Алексей. А вы что на это?
Виола. А мы ничего. Подождём, пока им надоест.
Алексей. Лет тысячу?
Виола (презрительно фыркнув). У нас впереди вечность.
Алексей. Ладно, пусть так. И какими же мы в неё входим?… Вот почему я вспомнил «Бхагавадгиту»… Мы, как Кришна, отменили понятие убийства. Сняли с людей Каинов грех.
Виола. И тебе это не нравится?
Алексей (с вызовом). Вот представь, не нравится. Нет понятия греха — нет и тормозов! Раньше знали точно: нельзя лишать жизни, увечить, причинять кому-то боль. Нет, — разумеется, убивали, калечили, пытали… но кого-то, может быть, поначалу одного из тысяч, эти запреты сдерживали. А потом, благодаря осознанию этих запретов, люди всё-таки сделали земную жизнь более гуманной. И построили Сферу. Что же мы делаем теперь?

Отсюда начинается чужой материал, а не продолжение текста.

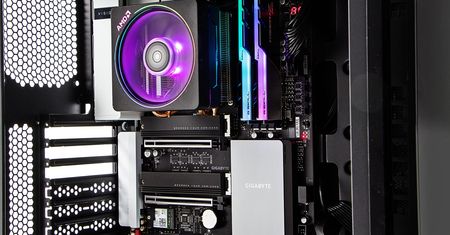 Gigabyte B550 Vision D - wolisz mieć AMD czy Thunderbolt? Już nie musisz wybierać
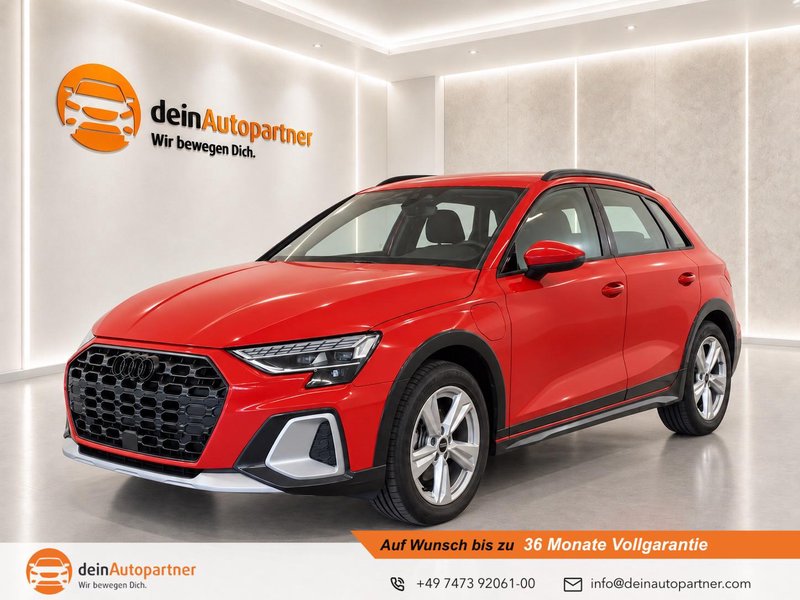 Audi A3 allstreet 1,5 TFSI e S-tronic NAVI/AREA VIEW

Виола. Ну, и что же мы делаем?
Алексей. А то, что мне уже представляется милая картина. Садист-муж пробует на своей благоверной все способы казни, от банальной виселицы до какого-нибудь изысканного зашивания в мешок с котом и собакой. Она оживает, и всё по новой… Садисты-родители, садисты-друзья… ну, и так далее. И вообще, где теперь будет проходить граница между добром и злом? Ведь всё уравнивается, понимаешь?! Всё виртуально: палачи могут обняться с жертвами, у Лермонтова с Мартыновым вышла маленькая светская размолвка, и Эйхман не посылал на смерть миллионы евреев — так, попугал, и всё… можно его приглашать за стол в пурим[87] и поить сладким вином. Автоматическое прощение и приятие всех негодяев и чудовищ в истории Земли. Полная относительность… Что дальше? Куда идти?
Виола. А никуда. Здесь и присядем.
Они садятся на сильно нагретый солнцем, покрытый язвами цементный барьер. У ног их ступени сбегают к зеркальной, грязноватой воде озера. Оно заключено в прямые линии; вдоль берегов тянутся, громоздясь, оштукатуренные строения. Безлюдно; лишь полуголый старик в одном рваном дхоти, сухой и обожжённо-коричневый, с мазками белой краски на лбу, застыл поодаль в позе лотоса у самой воды. Близится закат, жара стала душной.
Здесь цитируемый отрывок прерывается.